Urban Lens Film Festival 2017 © Urban Lens © Urban Lens

Friday, 6 – Sunday, 8 October 2017, various timings

Goethe-Institut / Max Mueller Bhavan New Delhi

Programming Note
The fourth edition of the Urban Lens Film Festival, that has already been held in Bengaluru and now takes place in New Delhi, remains committed to the idea that cinema allows us a space to reflect and re-examine the cities in  which we live.

In order to open the Urban Lens Film Festival to a greater diversity of films from wider geographical regions, the festival, for the first time, put out a call for entries. The call received an overwhelming response with more than 1600 entries from 102 countries. The 27 films being screened this year include a selection from the open call and a set of invited films. These fiction, non-fiction and animation films mirror a cinematic truth about cities, framing them beyond their skylines by teasing out individual/collective stories and experiences of people from around the world.

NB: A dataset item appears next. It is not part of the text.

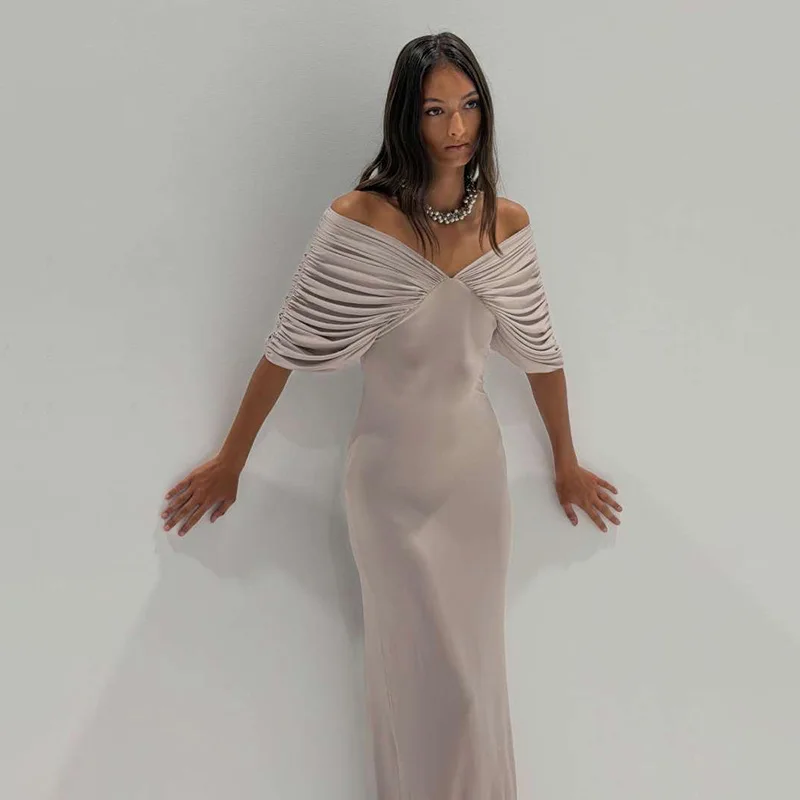 Sexy Gerafftes Schulterfreies Rückenfreies Bodycon Maxi-Partykleid Elegantes Modisches Schlankes Langes Abendkleid für Damen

In keeping with the mission of the Indian Institute for Human Settlements (IIHS) to engage with cities of the Global South, the festival explores cinematic narratives that emerge from countries such as India, Argentina, Bangladesh, Brazil, Egypt, Jordan and South Africa. The thrust of urbanisation in these countries is unprecedented, giving rise to a sea of striking stories - a couple's struggle for housing in a crowded city (Ek Ghar), resilience of people in making homes for themselves in an abandoned building in Caracas (Ruina), examining how men and women occupy public space during the day and night (Chasing Tails, Mod and Amdavad Ma Famous), a grandson's search for the truth about his grandfather in Buenos Aires (70 y Pico), the experience of loneliness in a city (Solito) and the functioning of the real estate mafia in Kochi (Kammatipaadam). In addition, films reflect on the stories of immigrants in Israel and the United States (Journey Birds and and i) and a fantastical imagination of Berlin (Wings of Desire).

On Practice
This edition of the Urban Lens film festival, brings to you a series of conversations that go into different aspects of cinematic practice. Last year's edition of the festival featured a discussion with camera persons, and what their practice of framing meant. This year the festival presents a set of conversations with directors and editors who will speak about their individual craft, and how it has shaped the work they have produced. In an image-saturated world where proliferation of digital technologies has made cinema production and consumption accessible, it becomes even more important for us to understand what the practice behind filmmaking is, and how it has shaped our cinematic imaginations over time, and continues to even today.

From directors Girish Kasaravalli and Rajeev Ravi to editors Bina Paul and Namrata Rao - these conversations will try and explore what the process and thought behind their craft is, and their relationship to an ever changing technology. These reflections around their practice is not only meant for cinephiles and students of cinema, but for anyone who is interested in questions around cinematic form and language. We hope that these discussions will lead to a deeper and nuanced understanding of the images and sounds that shape us.